Voor mijn generatie is het al bijna weer hip om Mouth & McNeal hip te vinden, net als de Rubettes, The Osmond Brothers en The Bay City Rollers; de generatie voor mij heeft slechts een paar iconen. Als het om popmuziek gaat dan komen ze altijd aanzetten met de verschrikkelijke Bob Dylan: geneuzel van clichés in de microfoon ondersteund met wat beroerde gitaaraccoorden of wat amechtig geblaas in een mondharmonica. Dat moet dan de Nobelprijs voor literatuur krijgen, zeggen ze, omdat ze nooit meer een boek lezen.
Als het om literatuur gaat dan komen ze altijd aanzetten met Charles Bukowski (en sommigen spreken zijn naam dan ook nog uit als Bjoekouvski): een dronkenlap die voornamelijk over zijn dronkenschap schreef. Meestal zijn het mensen die bezopen in het café tegen je aan hangen en altijd zeggen dat ze bezig zijn met een meesterwerk, dat natuurlijk nooit af komt.

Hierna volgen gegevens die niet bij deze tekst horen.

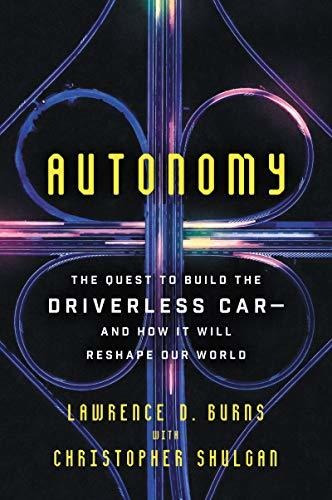 Book : Autonomy The Quest To Build The Driverless Car-and..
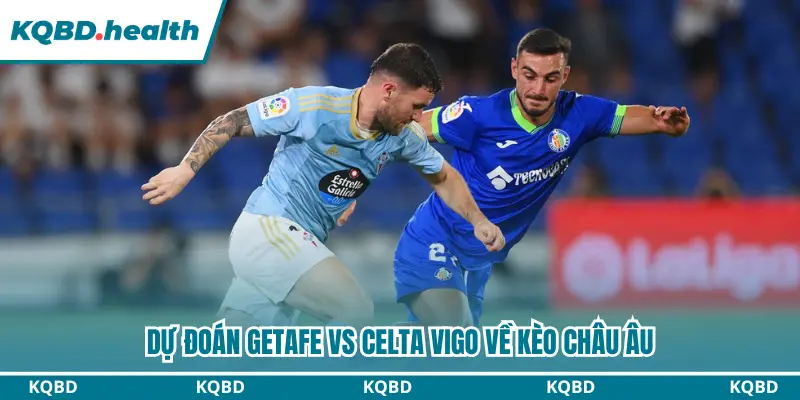 Dự Đoán Getafe Vs Celta Vigo Lúc 00h00 Ngày 08/09/2026 - La Liga 3 Dự đoán kèo châu Âu trận đấu Getafe vs Celta Vigo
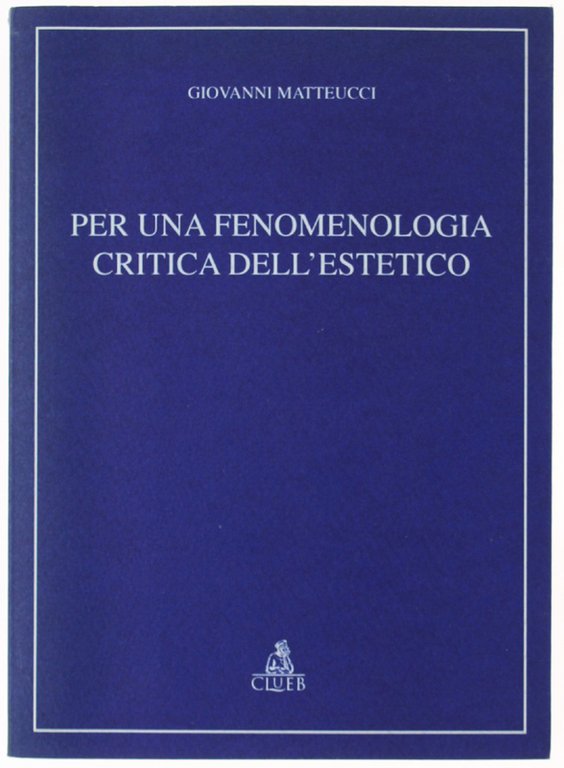PER UNA FEOMENOLOGIA CRITICA DELL'ESTETICO.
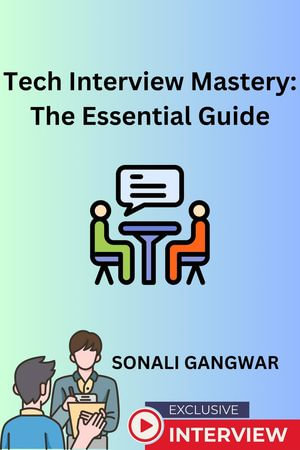 Tech Interview Mastery : The Essential Guide - Sonali Gangwar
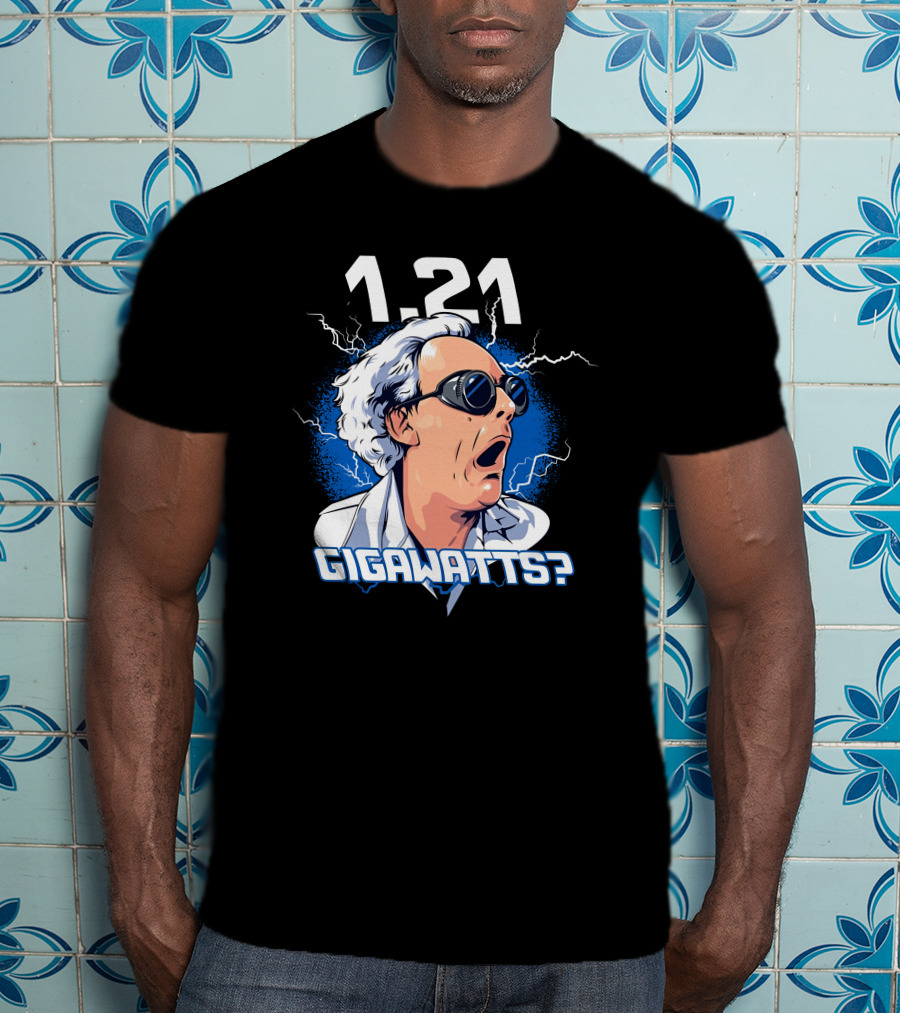 1.21 Gigawatts? Iconic Shock Expression With Lightning Elements T-Shirt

Morgen 5 november treden Bert Hadders en Herman Sandman op in Café Marleen om 21.30 (een normaal mens maakt dan al aanstalten om naar bed te gaan). Hadders heeft een voorkeur voor Bukowski, Sandman leest een verhaal over Bob Dylan voor. Ik kan niet anders dan oproepen om deze voorstelling te boycotten. Ga morgenavond niet naar Café Marleen! Kom vanavond maar naar de Dichtclub.